The commit where this feature was added is 0e66cfbd6f0d2467dcf1e66cccaf500861c929f4, the license file present in that commit is for GPLv2 (with 'or later' clause), and here's a link to the pertinent part of the diff: https://bitbucket.org/jtuc/winmerge2011/commits/0e66cfbd6f0d2467dcf1e66cccaf500861c929f4#chg-Src/FolderCmp.cpp

sdottaka commented 4 years ago

If you do not need to compare text files with "Ignore case" option etc enabled, you can use the "Binary Contents method". Using that option should speed up the comparison a bit.

issue#274

username1565 commented 4 years ago

@MailYouLater, I don't understand anything in the source code on C++ Programming Langruage, and and I just using pre-compiled binaries from Releases, to make comparison the differences in old version of nanoboard, and new version - Nanoboard 3.3!!! (C#) So when in the folders so many containers, there is so slow comparison... xD

Maybe, your links say something for @sdottaka, but sorry - this is not for me.

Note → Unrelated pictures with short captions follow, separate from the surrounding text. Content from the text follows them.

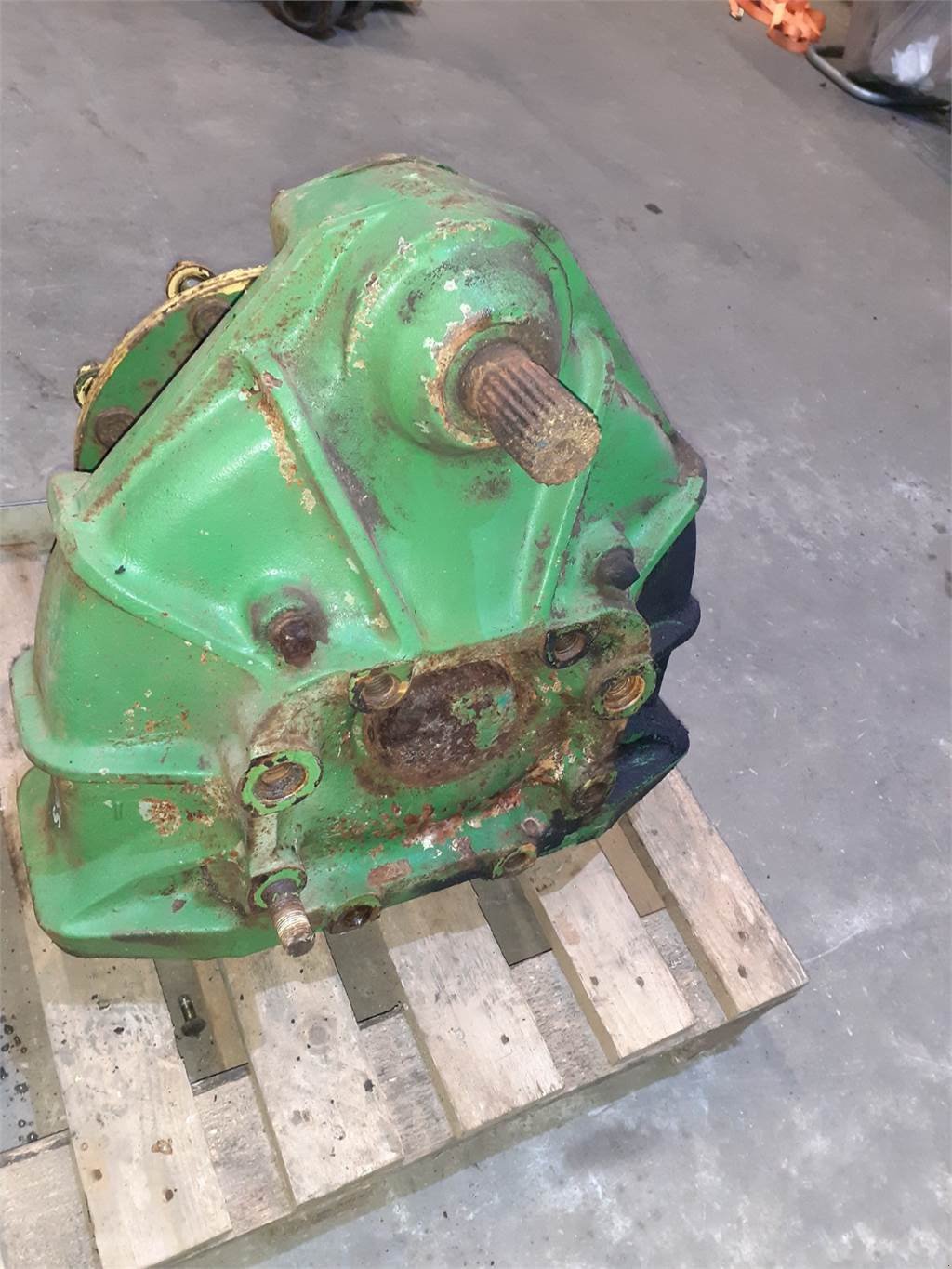 Rapsschneidwerk del tipo John Deere 955, Gebrauchtmaschine In Hemmet (Immagine 5)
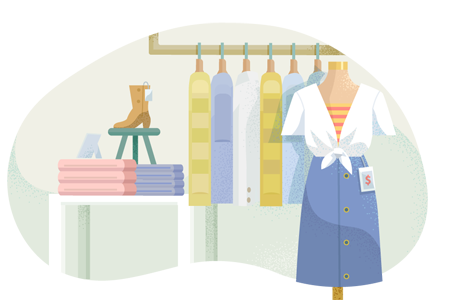 Clothing Store Insurance, Boutique Insurance | Insureon
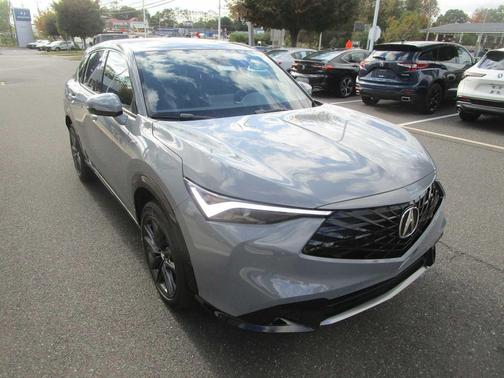 2025 Acura ADX A-Spec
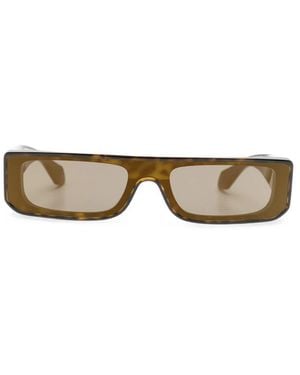 Alaïa Alaïa Sunglasses - Brown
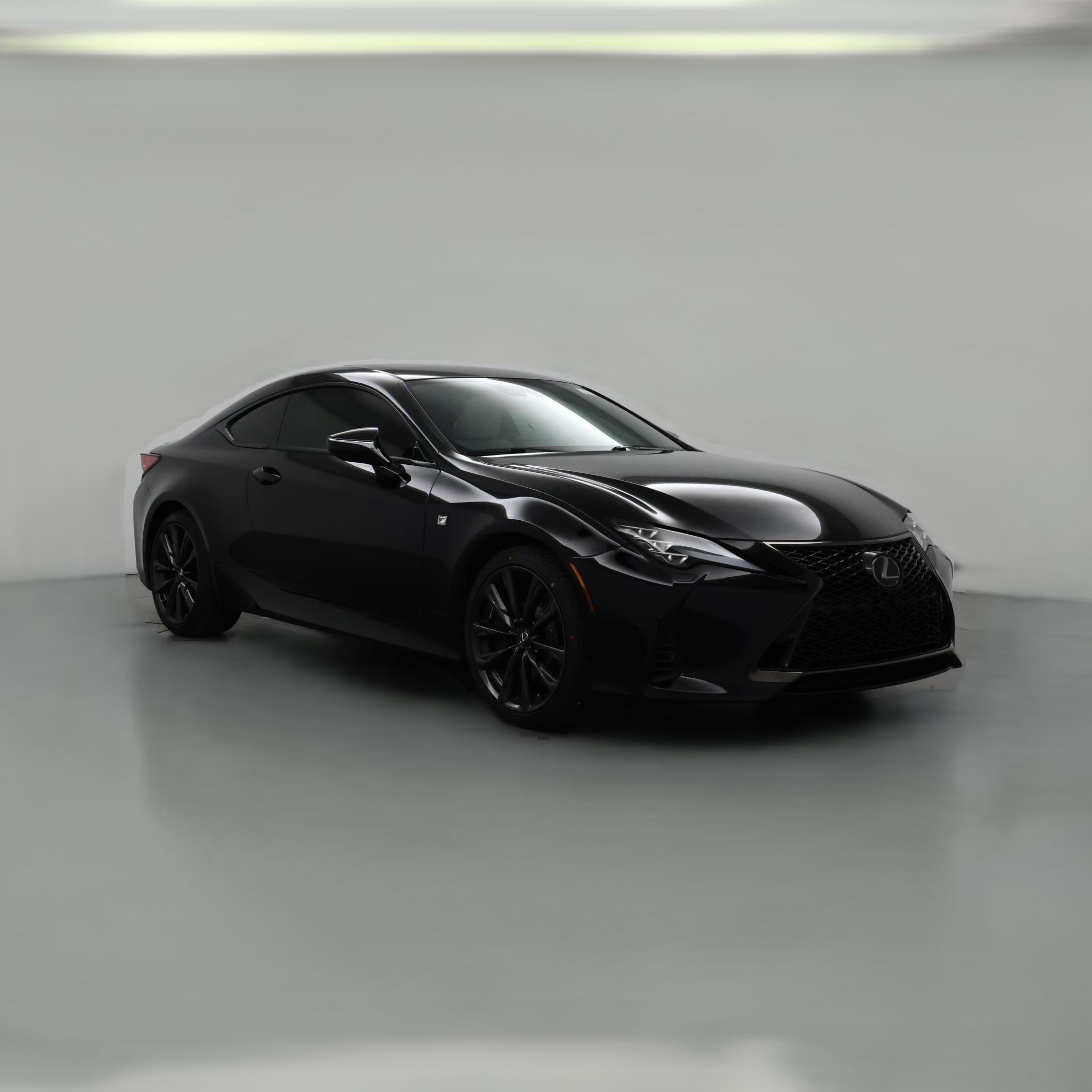 Thumbnail: 2023 Lexus RC - 1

Have a nice day for you all!

MailYouLater commented 4 years ago

Maybe, your links say something for @sdottaka, but sorry - this is not for me.

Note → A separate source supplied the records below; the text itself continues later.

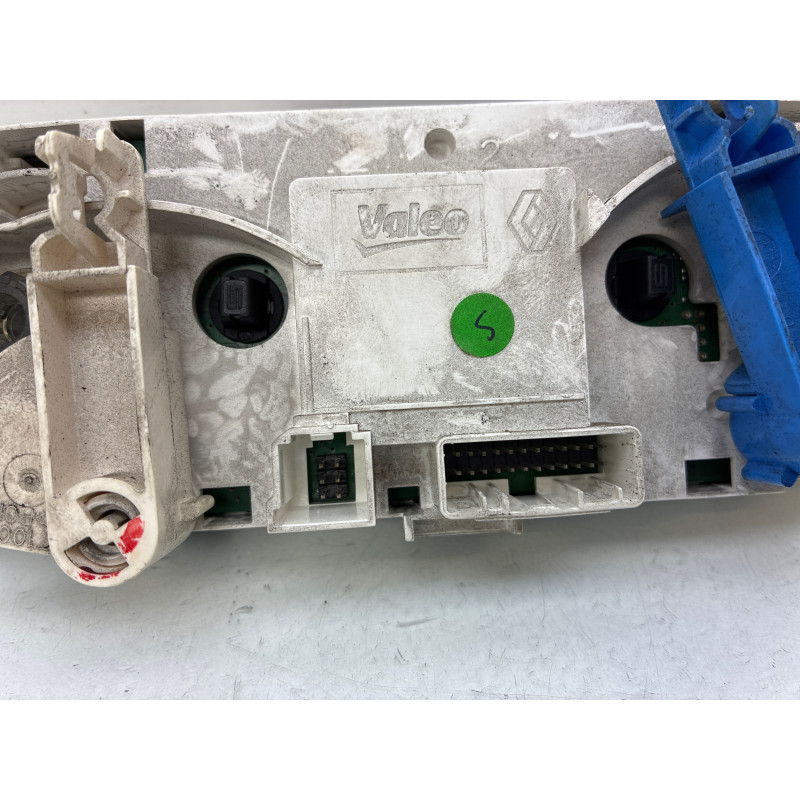 Commande chauffage RENAULT MEGANE 3 Photo n°3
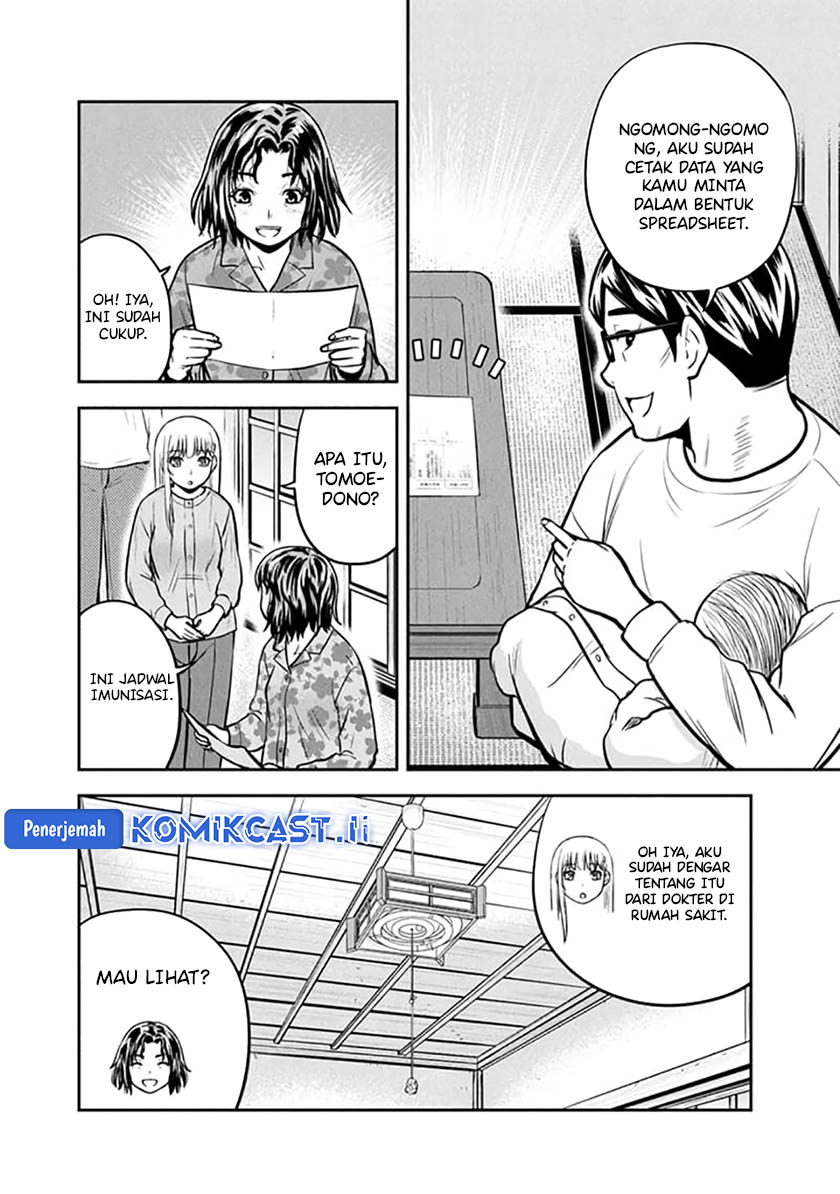 Orenchi ni Kita Onna Kishi to: Inakagurashi suru Koto ni Natta Ken Chap 149 - Next Chap 150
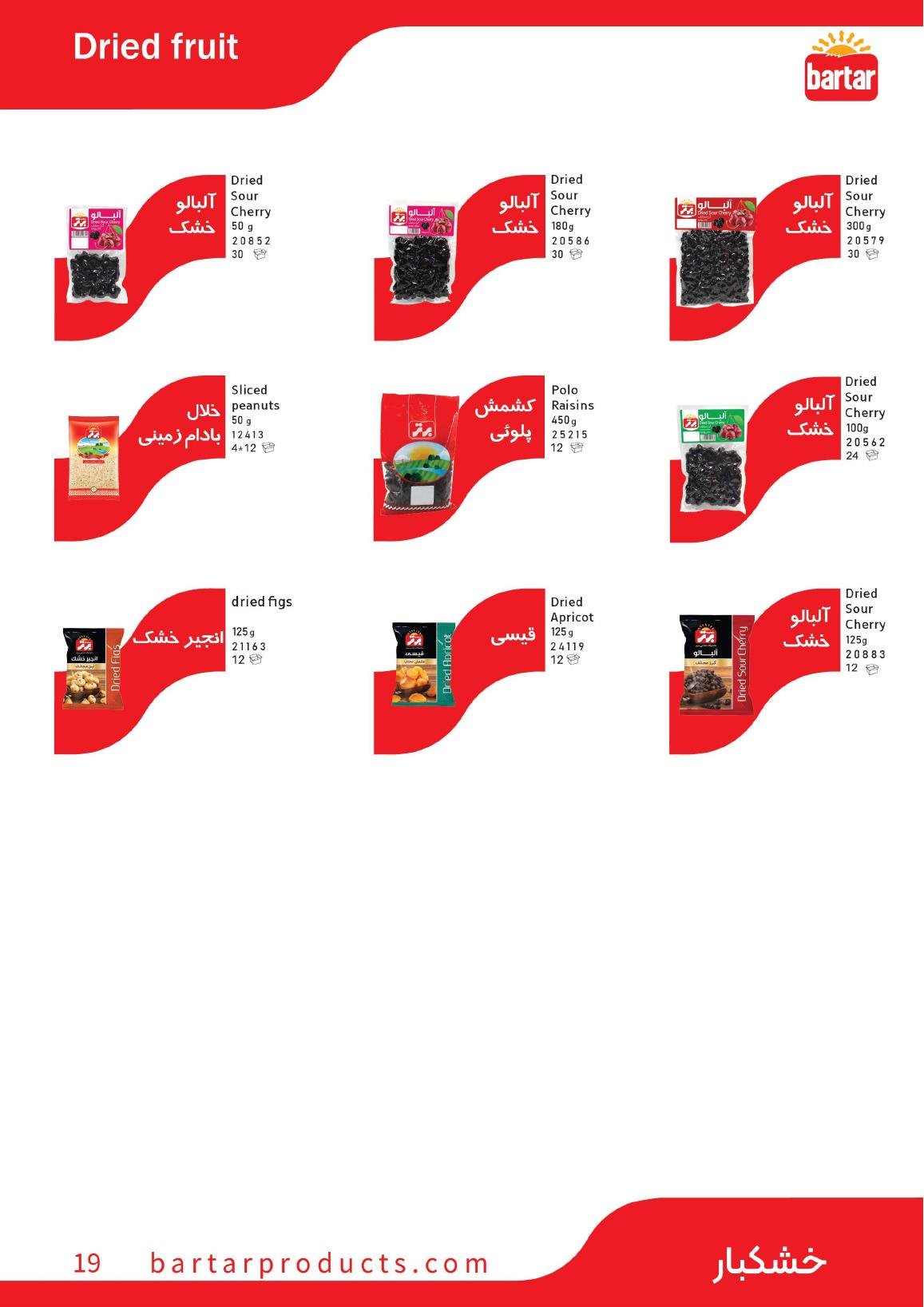 محصولات برتر - صفحه 20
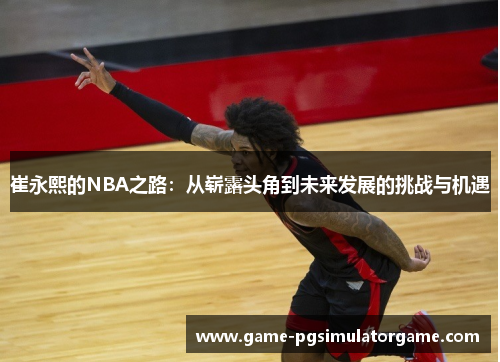 崔永熙的NBA之路：从崭露头角到未来发展的挑战与机遇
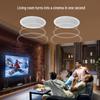 KASOOY Wireless Bluetooth Ceiling Speaker System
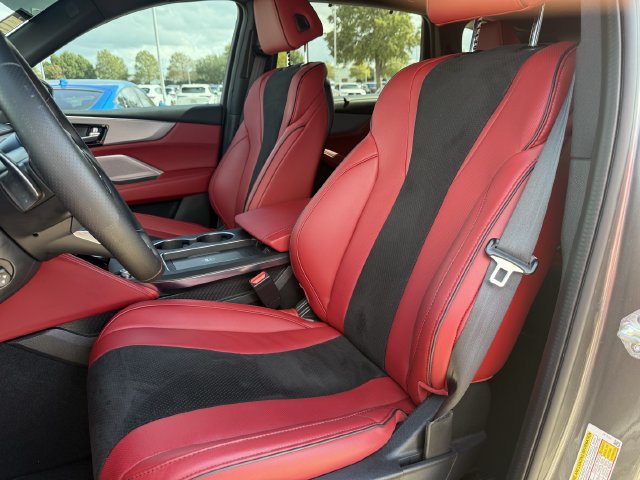 Certified 2025 Acura MDX A-Spec AWD/4WD image 26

They were intended for anyone who wants to try their hand at implementing it and may want to reference that info, whether that's @sdottaka, you, me (in the future), or anyone else.

If you do not need to compare text files with "Ignore case" option etc enabled, you can use the "Binary Contents method". Using that option should speed up the comparison a bit.

Will this option skip reading files that exist only in one of the folders being compared? or does it just take less time to do the 'self-compare' because it's not doing some things that occur in the other compare types?

sdottaka commented 4 years ago

Will this option skip reading files that exist only in one of the folders being compared? or does it just take less time to do the 'self-compare' because it's not doing some things that occur in the other compare types?

Yes. This option first compares file sizes. If the files are the same size, the contents of the file are compared, but if the files are not the same size, the contents of the file are not read. For this reason, this option cannot determine the EOL type of a file, determine whether it is text or binary, ignore case, and so on.

username1565 commented 4 years ago

Yeap, I did test it again, and this really working:

1544 files total, to compare. WinMerge 2.16.4.0. Enable comparison in binary mode: 
33      WAIT, SLOW COMPARISON...
58      WAIT, SLOW COMPARISON...
87      WAIT, SLOW COMPARISON...
124     WAIT, SLOW COMPARISON... 
135     WAIT, SLOW COMPARISON... Wanted to stop it, but...
162     WAIT, SLOW COMPARISON... Wanted to stop it, but...
1301        UNEXPECTED JUMPING HERE!!!
1359        WAIT... 
1400        WAIT...
1412        WAIT...
1435        WAIT...
1488        WAIT...
1544        WAIT...
Result: 266 files equal, 1133 on left side only, 7 on right side only, 14 files changed.

Maybe, this just need to enable, by default. But stop... You say about that option is compared file size... And... What about file-size is null for second file, and file not found, in all another modes? This file is compared with empty file, and all previous file is reading line-per-line into the diff with empty file, right? So, why just not to do the disabling this, if file not found or file-length is null, and make this by default, for all another modes? :smile_cat:

Best regards! And... This issue is closed! Nice program!